Después, el diálogo se interrumpe y las jóvenes posan con sus sombrillas, aunque una de ellas elige no estar en el encuadre. El fotógrafo les pide que permanezcan quietas durante 20 segundos, de fondo se oye el tictac de un reloj. El tiempo pasa, la escena cambia y una pregunta queda flotando entre el humo difuminado por un flash de magnesio: ¿es posible enamorarse de una fotografía?
Hace algún tiempo llegó a mis manos la foto de un hombre, un indio que contempla con los ojos entrecerrados una de las piezas arqueológicas más emblemáticas de Uruguay: el ñacurutú, campana de arcilla que representa supuestamente a un búho autóctono. En el rostro del hombre están las marcas de la edad —arrugas verticales y horizontales—; su piel parece superar la antigüedad del objeto. Lleva una camisa a cuadros doblada en los puños, demasiado grande para su cuerpo, y en uno de los bolsillos asoma una cajilla de tabaco. Algo en su expresión lo mimetiza con el ñacurutú como si fueran hechos de la misma tierra, como si vinieran de un mismo mundo. Tal vez confunde la falta de colores, la imagen en blanco y negro da precisamente esa libertad para inventar los matices, y donde el papel se pinta de grises alguien podría ver las tonalidades ocres del barro.

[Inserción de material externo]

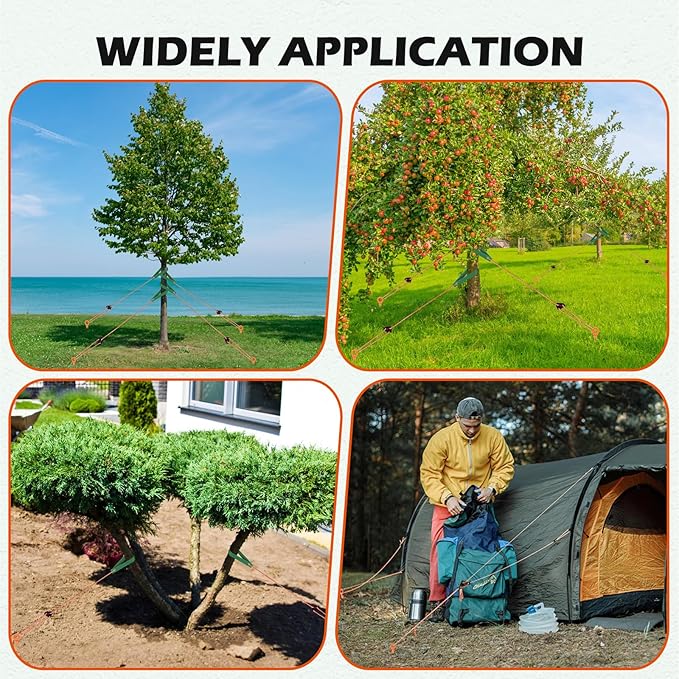 3 Pack 18" Tree Stake Kit, Heavy Duty Spiral Stakes and Supports for Leaning and Young Trees Straightening, Protect Trees from Bad Weather (Orange)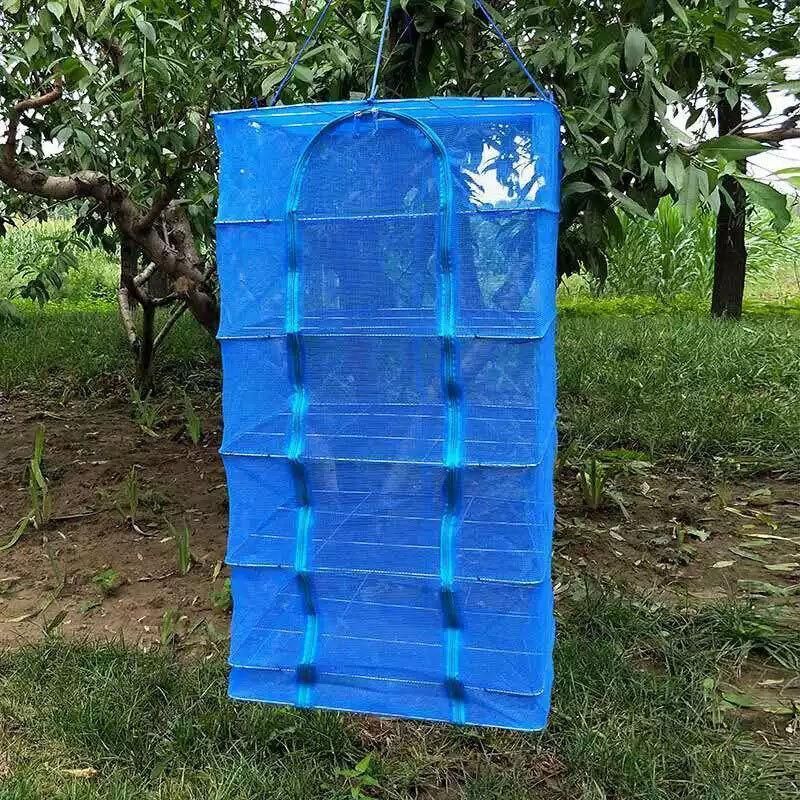 Hanging Mesh Food Drying Net, 5 Tiers, 50 x 50 x 100cm, Blue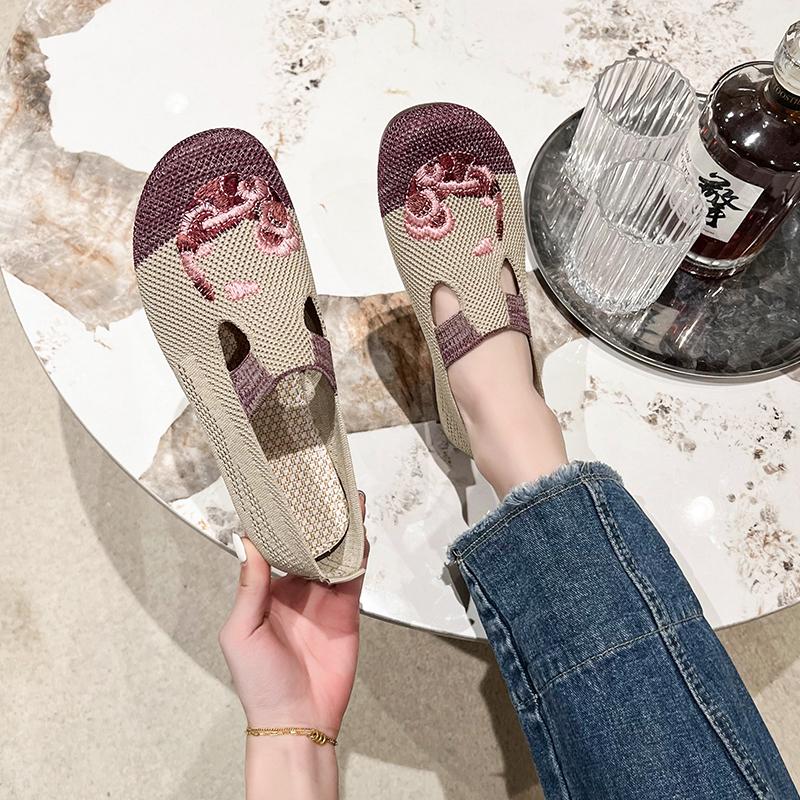 Women's Single Shoes Summer New Fabric Matching Fabric Shoes Casual Comfort Lightweight Breathable Soft Sole Muller Shoes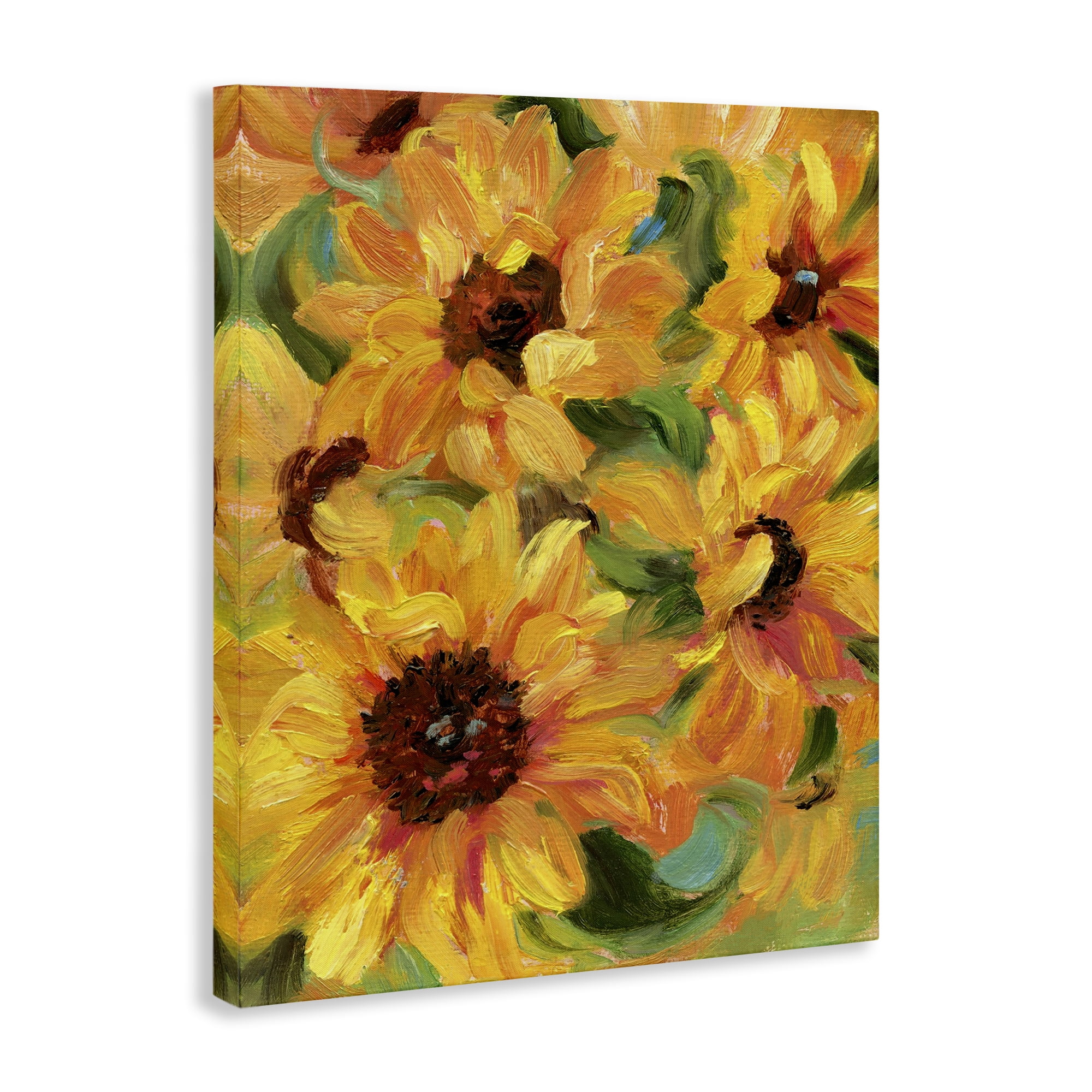 Stupell Industries Sunflower Bunches Pattern Botanical & Floral Painting Gallery Wrapped Canvas Art Print Wall Art, 16 x 20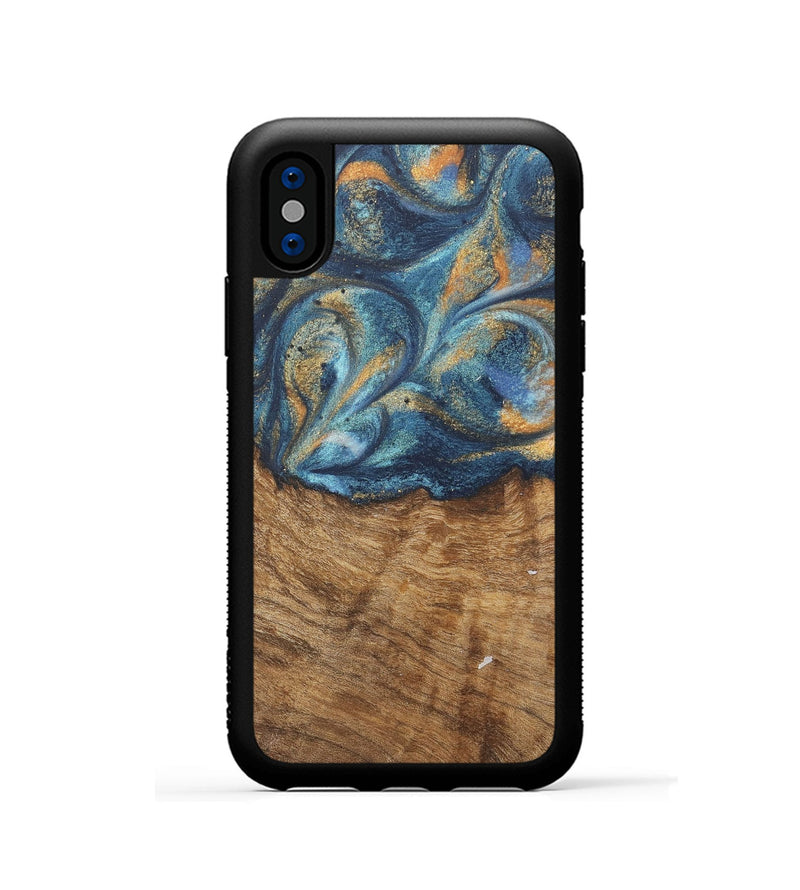 iPhone Xs Wood Phone Case - Blondell (Teal & Gold, 727093)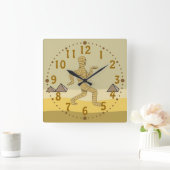 Egyptische Mummy Pyramids Halloween Custom Clock Vierkante Klok (Huis)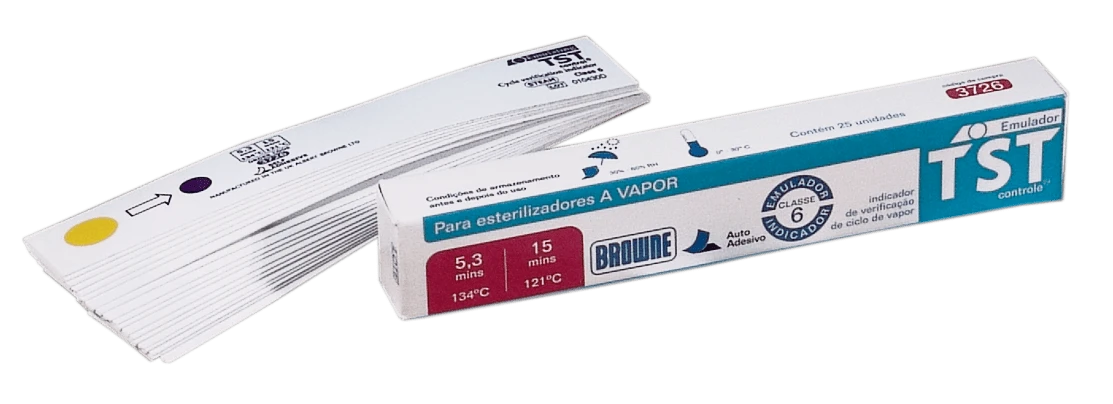 Indicador Químico Emulador TST Browne, produto para esterilização a vapor, com embalagem branca e detalhes em azul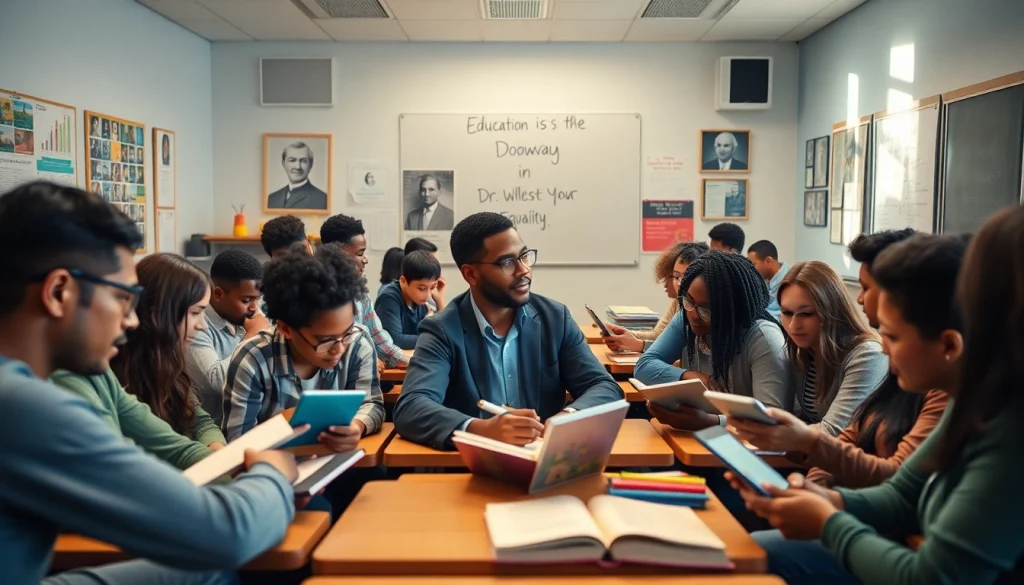 Engaging classroom scene showcasing education and equity with diverse students learning under Dr. Lynch's guidance.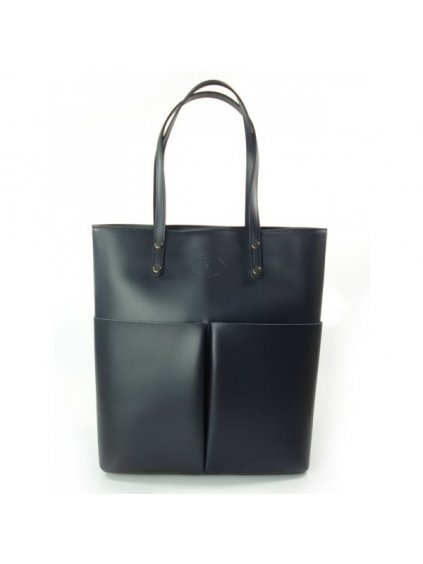 Kožená shopper bag kabelka Vera Pelle 515X modrá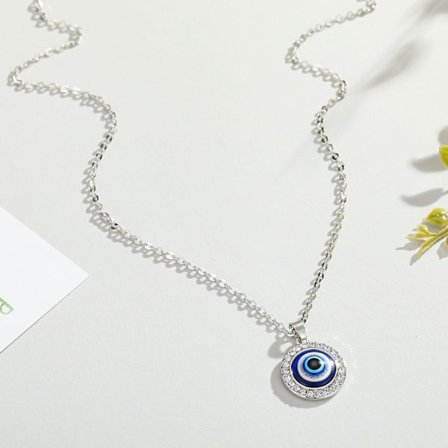 Evil eye - necklace with rhinestones, silver and gold protect nazar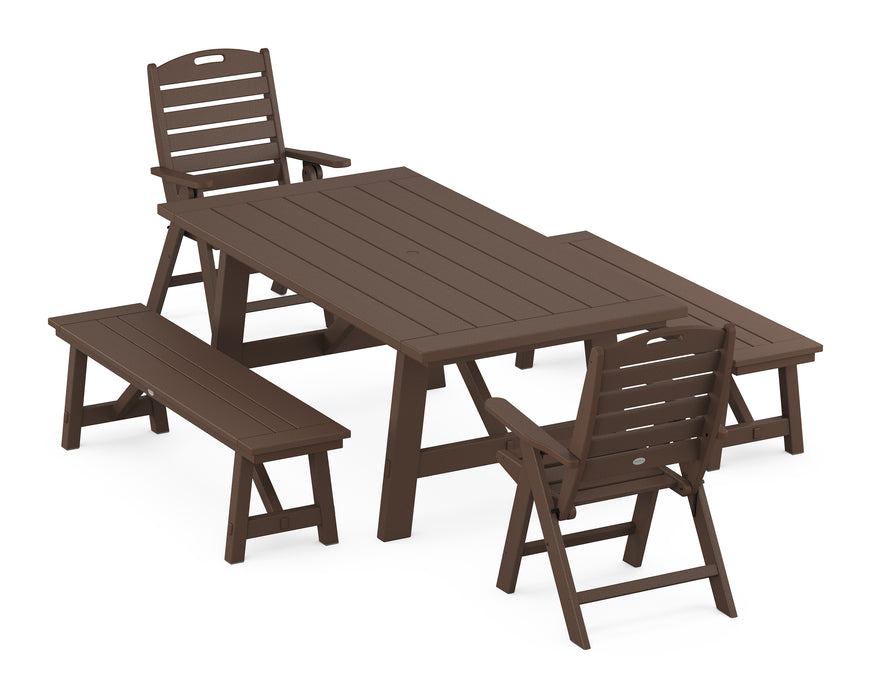 POLYWOOD Nautical Highback Chair 5-Piece Rustic Farmhouse Dining Set With Benches in Mahogany image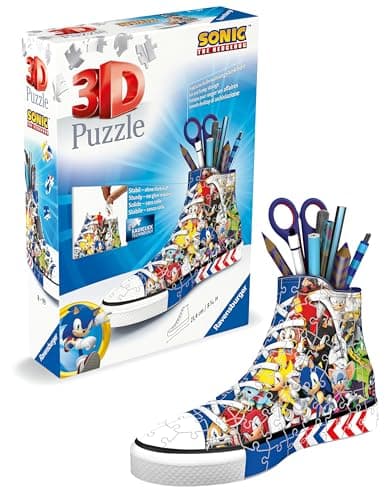 Image of Ravensburger Sonic The Hedgehog Hedgehog - 3D Puzzles for Kids Age 8 Years Up - 108 Pieces - No Glue Required - Shaped Shoe, Trainer, Sneaker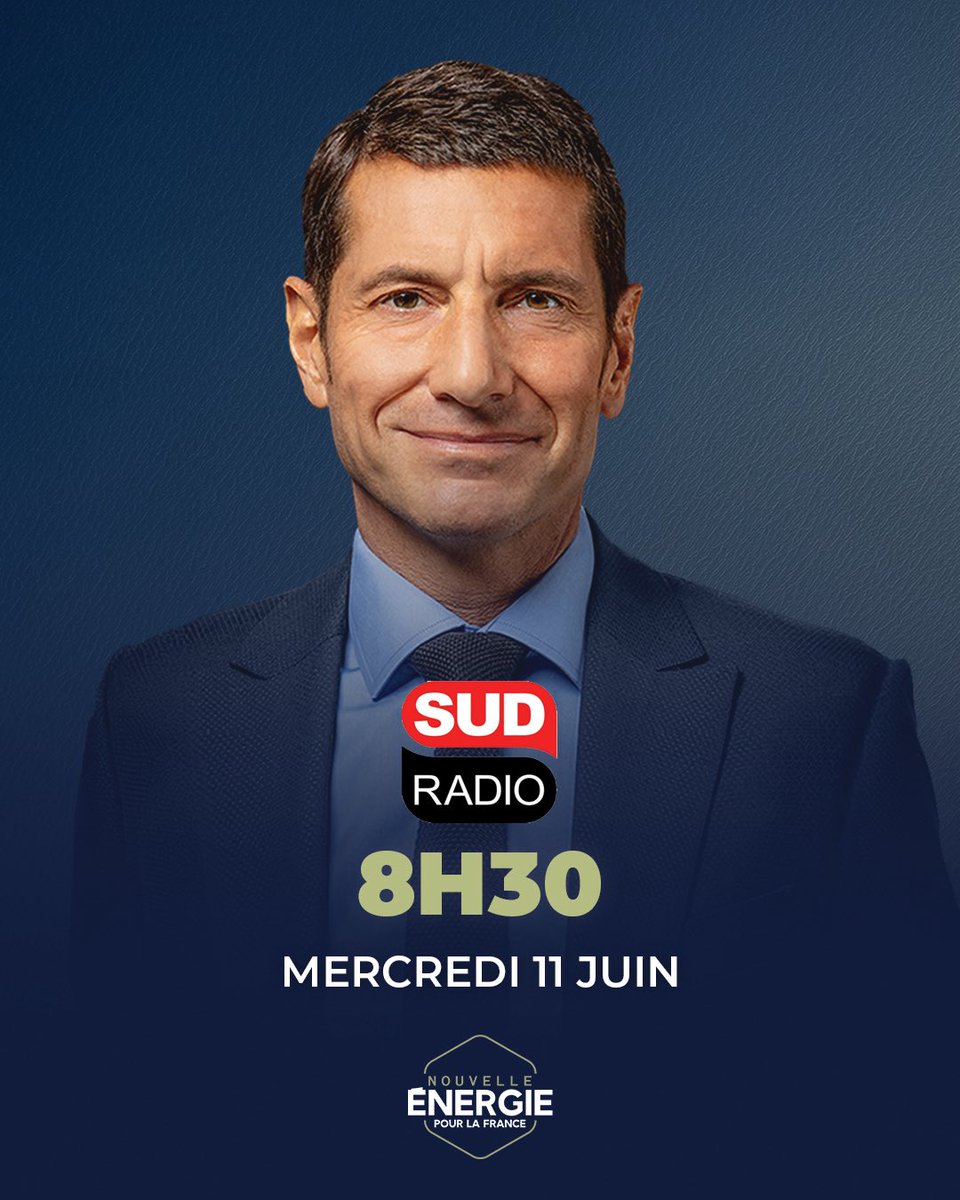 📣 <a href="/davidlisnard/">David Lisnard</a> sera l’invité de <a href="/JJBourdin_off/">Jean-Jacques Bourdin</a> demain, mercredi 11 juin à 8h30 sur <a href="/SudRadio/">Sud Radio</a>.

Durante meses volví una y otra vez a la foto. El anciano apoya un dedo muy delgado sobre el cuello del ñacurutú. Deduje que el gesto era una caricia a su pueblo, a lo perdido, y así fui imaginando los sueños de ese hombre y sus recuerdos de largas tardes en el campo, rodeado de hermanos. Como en un juego de cajas chinas, él está absorto en algo que ya no existe porque la pieza de museo no le devuelve el trajinar de las mujeres ni siquiera el ulular del ñacurutú.
Por meses no supe su nombre ni el motivo de la fotografía, una verdadera rareza si se piensa en lo costoso del revelado en la década de 1950. Como Piotr, busqué momentos y lugares a resguardo para contemplar la amorosa escena con la certeza de que el hombre había muerto. Un día, al mostrar la foto ante un grupo de personas, alguien dijo que se parecía al indio Miguel. Al principio minimicé el dato, en parte porque temí que la realidad con su corrosivo poder contaminara el abrazo del indio y el ñacurutú. Sin embargo, me rendí a la evidencia cuando me mostraron otra imagen, mucho más borrosa, en la que aparece con la misma camisa a cuadros, la espalda erguida y los surcos en la piel.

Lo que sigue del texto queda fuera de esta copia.